Write out exactly the lines running from the one with "Kış İçin Hazırlıklara Şimdiden Başladılar" to the end of the data, including both of those lines and excluding pictures.
### DATA EXTRACT
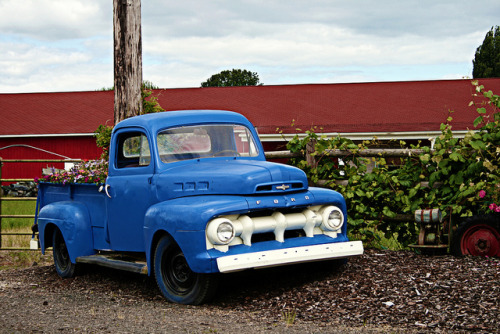 americabymotorcycle:  untitled by Annafur on Flickr. 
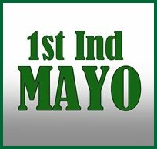 Political innovation in Co Mayo - the 1st Independent Mayo project catches the imagination of the electorate..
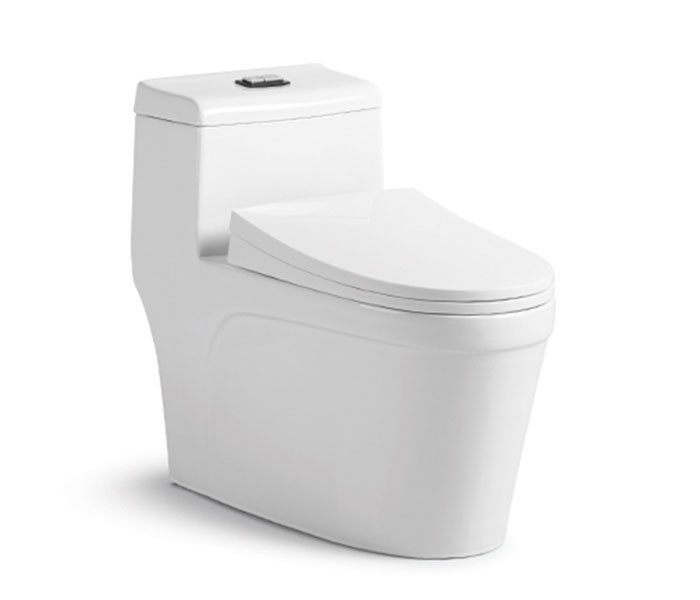 School White Wall-Mounted One Piece Toilet 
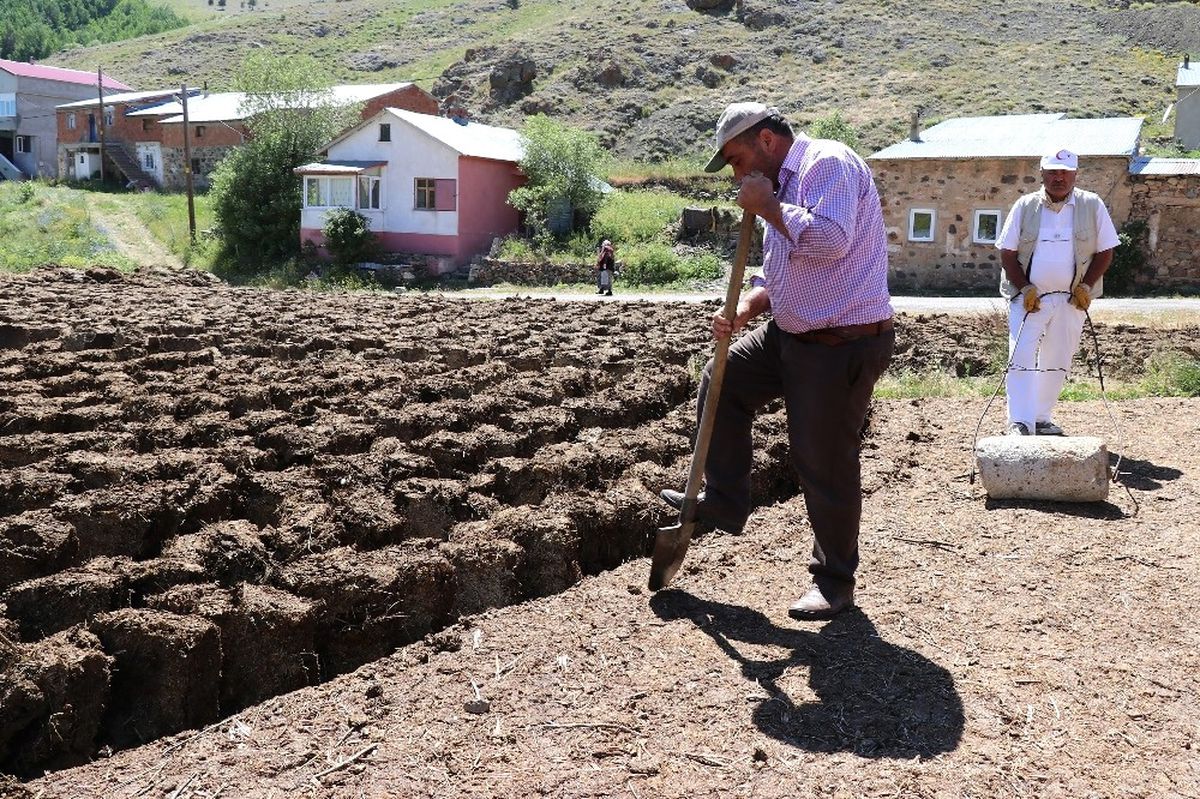 Kış İçin Hazırlıklara Şimdiden Başladılar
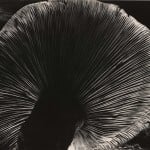 Edward  Weston, Mushroom,1940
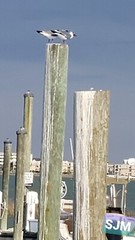 MarshWalk docks 5×7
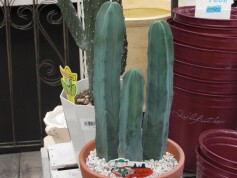 柱サボテン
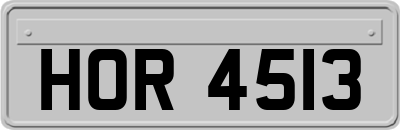 HOR4513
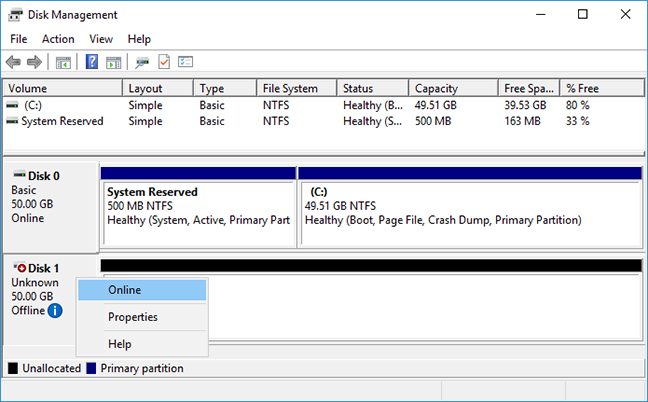 Windows bring disk online
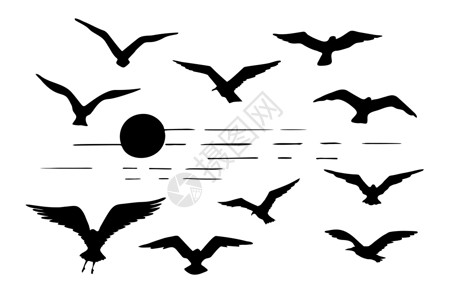 拉林高速一套海鸥环绕着黑色飞鸟插画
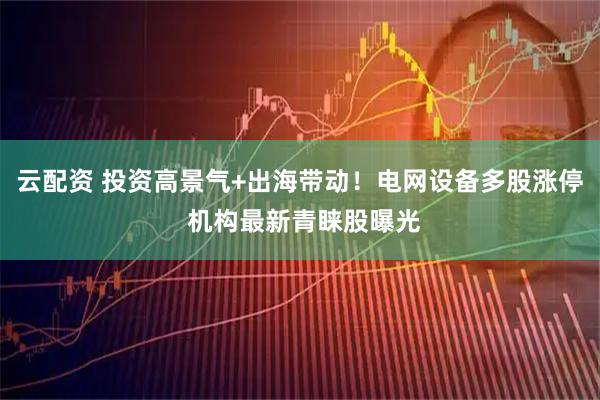 云配资 投资高景气+出海带动！电网设备多股涨停 机构最新青睐股曝光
######
# ANSWER FOR THE TASK
 Kış İçin Hazırlıklara Şimdiden Başladılar
 Edward  Weston, Mushroom,1940
 MarshWalk docks 5×7
 柱サボテン
 HOR4513
 Windows bring disk online
 拉林高速一套海鸥环绕着黑色飞鸟插画
 云配资 投资高景气+出海带动！电网设备多股涨停 机构最新青睐股曝光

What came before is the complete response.